[Records]
-=-=-=-=-

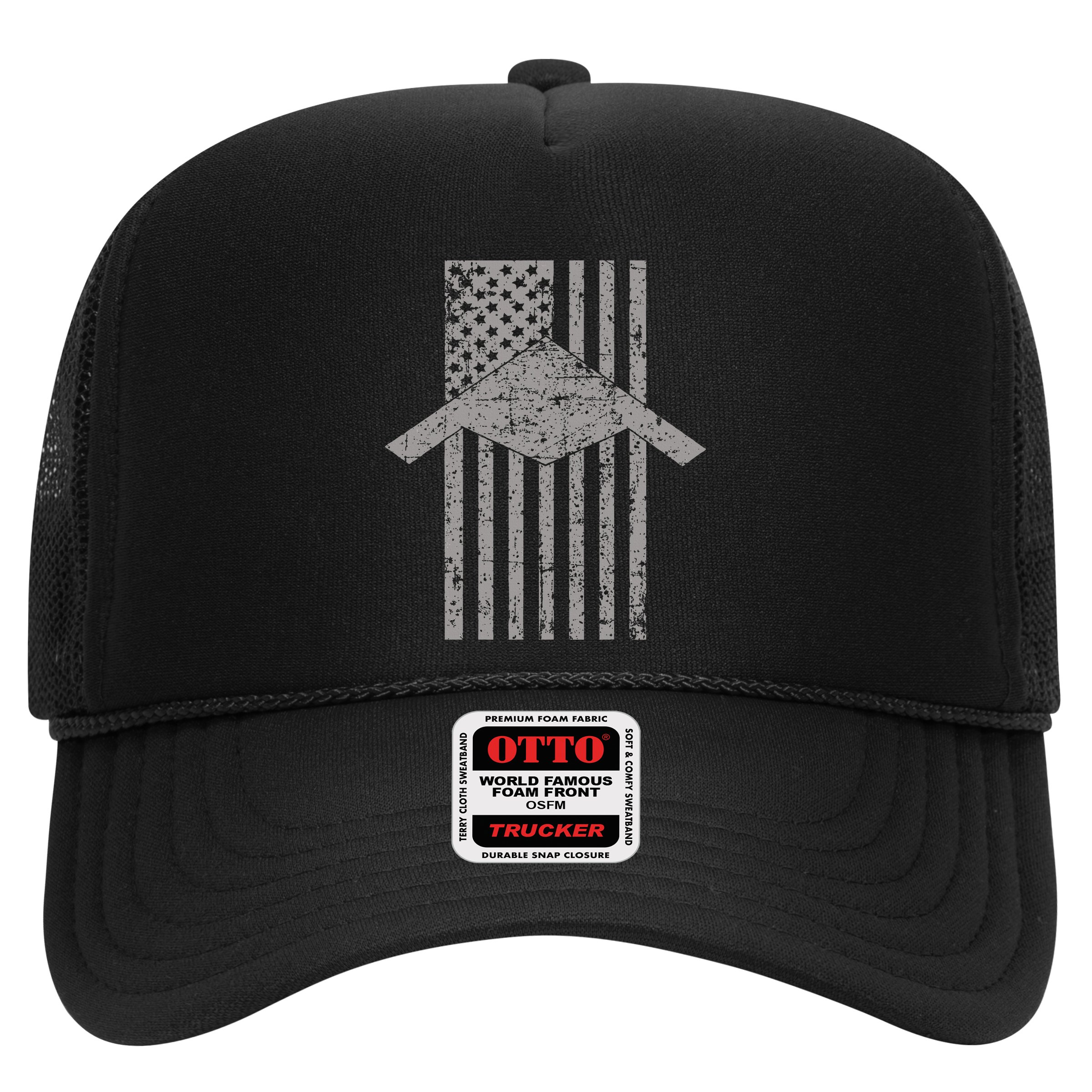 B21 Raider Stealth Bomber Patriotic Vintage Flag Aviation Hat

-=-=-=-=-

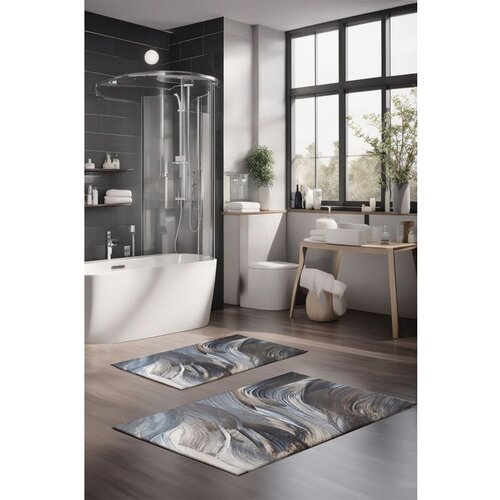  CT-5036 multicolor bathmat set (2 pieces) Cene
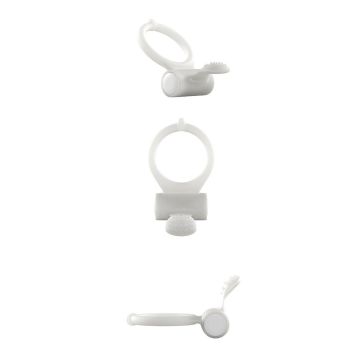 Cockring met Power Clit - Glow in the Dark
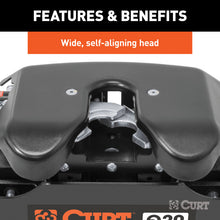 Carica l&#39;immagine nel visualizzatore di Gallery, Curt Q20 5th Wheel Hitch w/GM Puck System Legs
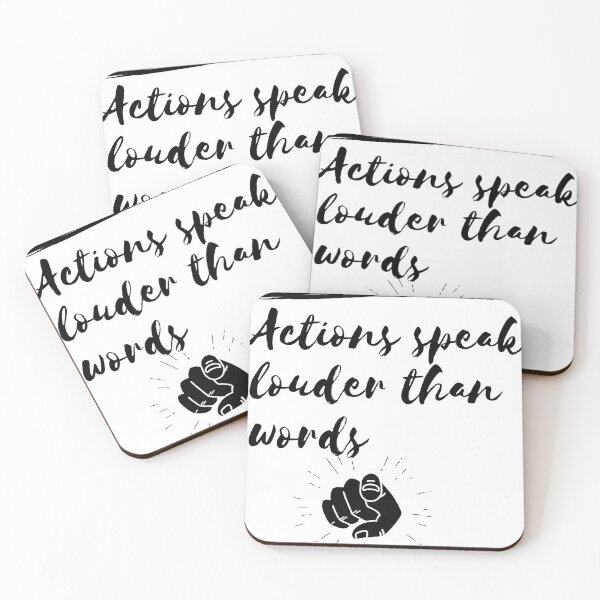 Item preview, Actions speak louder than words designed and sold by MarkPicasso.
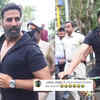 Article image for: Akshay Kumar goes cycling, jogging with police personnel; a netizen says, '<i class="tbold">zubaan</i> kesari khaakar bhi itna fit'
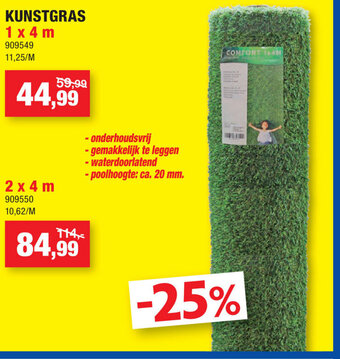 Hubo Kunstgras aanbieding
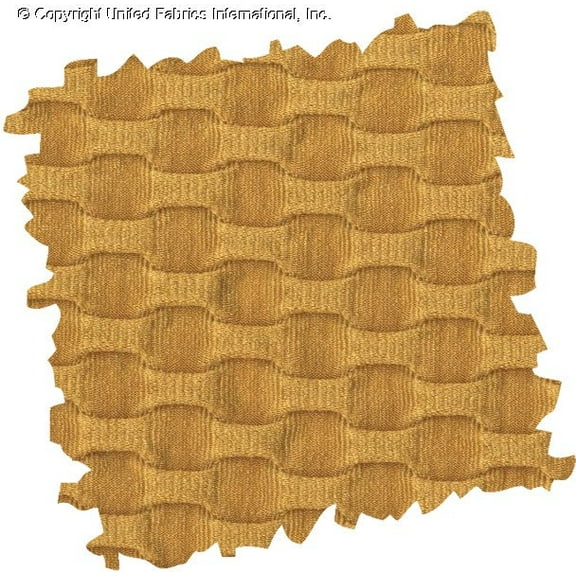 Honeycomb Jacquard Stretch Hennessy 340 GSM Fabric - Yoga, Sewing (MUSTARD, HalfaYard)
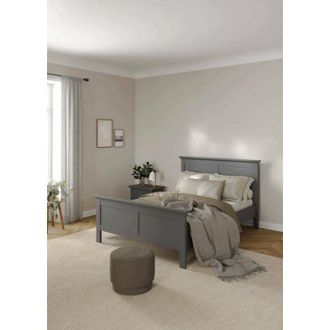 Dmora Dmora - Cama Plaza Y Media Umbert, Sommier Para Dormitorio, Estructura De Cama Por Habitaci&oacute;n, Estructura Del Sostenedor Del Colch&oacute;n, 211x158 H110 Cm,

-=-=-=-=-

[How to complete this task] Within the material above, find the part that opens with the line containing "Honeycomb Jacquard Stretch" and closes with the line containing "Dmora Dmora - Cama", and reproduce it exactly without the pictures.

[Response to this exercise]
 Honeycomb Jacquard Stretch Hennessy 340 GSM Fabric - Yoga, Sewing (MUSTARD, HalfaYard)
 Dmora Dmora - Cama Plaza Y Media Umbert, Sommier Para Dormitorio, Estructura De Cama Por Habitaci&oacute;n, Estructura Del Sostenedor Del Colch&oacute;n, 211x158 H110 Cm,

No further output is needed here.